Growth factor receptor bound (Grb)10 and Grb14 are closely related adaptor proteins that bind directly to the insulin receptor (IR) and regulate insulin-induced IR tyrosine phosphorylation and signaling to IRS-1 and Akt. Grb10- and Grb14-deficient mice both exhibit improved whole-body glucose homeostasis as a consequence of enhanced insulin signaling and, in the case of the former, altered body composition.
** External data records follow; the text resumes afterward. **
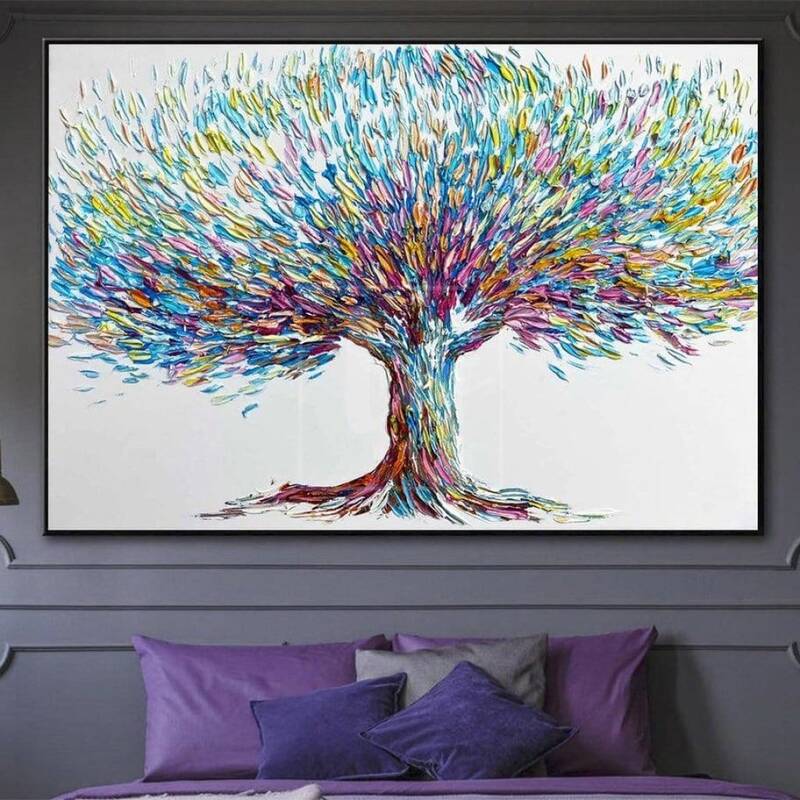 Large Tree Abstract Painting Abstract Oil Tree Artwork Contemporary Tree Modern Tree Paintings On Canvas Oil Painting | TREE ...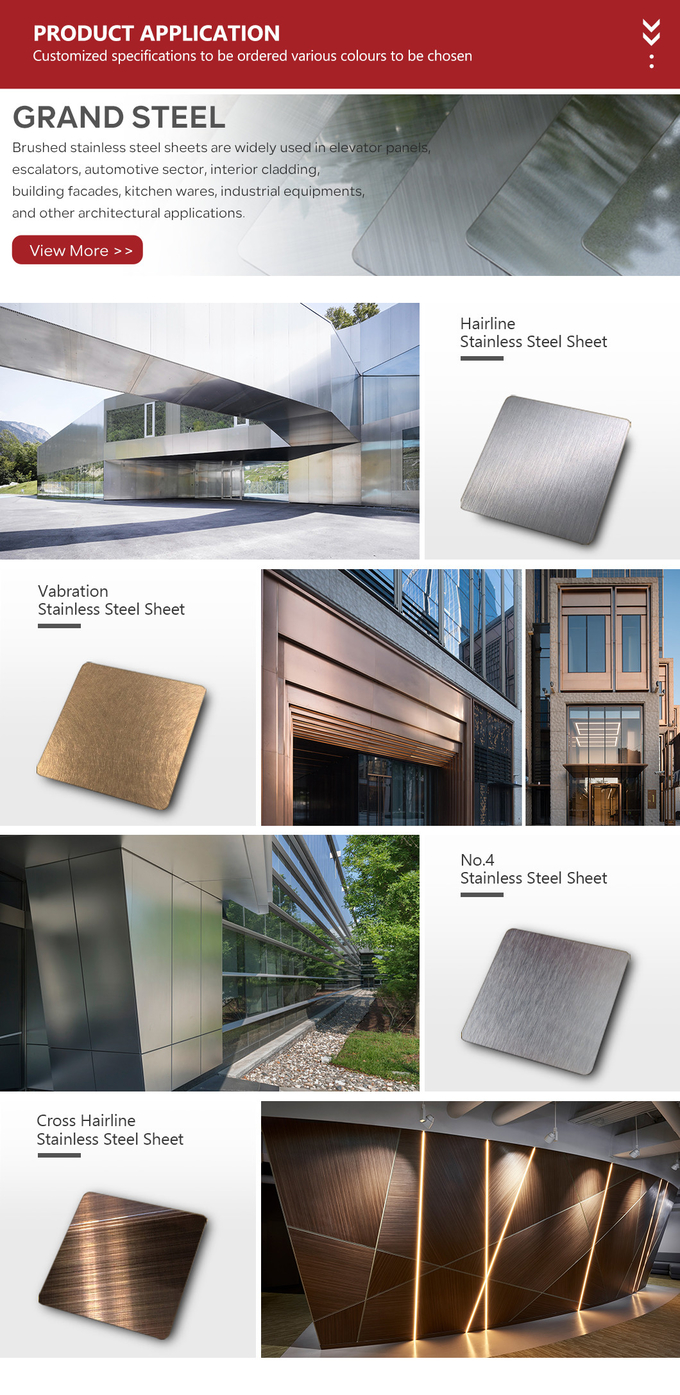 Vibration Finish Decorative SS Sheet Color With PVC Film Coated Stainless Steel Plate 304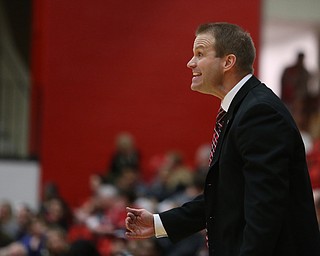 Youngstown State head coach John Barnes reacts to a play during the second half of a NCAA Horizon League college basketball game, Saturday, Feb. 24, 2018, in Youngstown...(Nikos Frazier | The Vindicator)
However, the combined physiological role of these adaptors has remained undefined. In this study we utilize compound gene knockout mice to demonstrate that although deficiency in one adaptor can enhance insulin-induced IRS-1 phosphorylation and Akt activation, insulin signaling is not increased further upon dual ablation of Grb10 and Grb14. Context-dependent limiting mechanisms appear to include IR hypophosphorylation and decreased IRS-1 expression. In addition, the compound knockouts exhibit an increase in lean mass comparable to Grb10-deficient mice, indicating that this reflects a regulatory function specific to Grb10. However, despite the absence of additive effects on insulin signaling and body composition, the double-knockout mice are protected from the impaired glucose tolerance that results from high-fat feeding, whereas protection is not observed with animals deficient for individual adaptors. These results indicate that, in addition to their described effects on IRS-1/Akt, Grb10 and Grb14 may regulate whole-body glucose homeostasis by additional mechanisms and highlight these adaptors as potential therapeutic targets for amelioration of the insulin resistance associated with type 2 diabetes.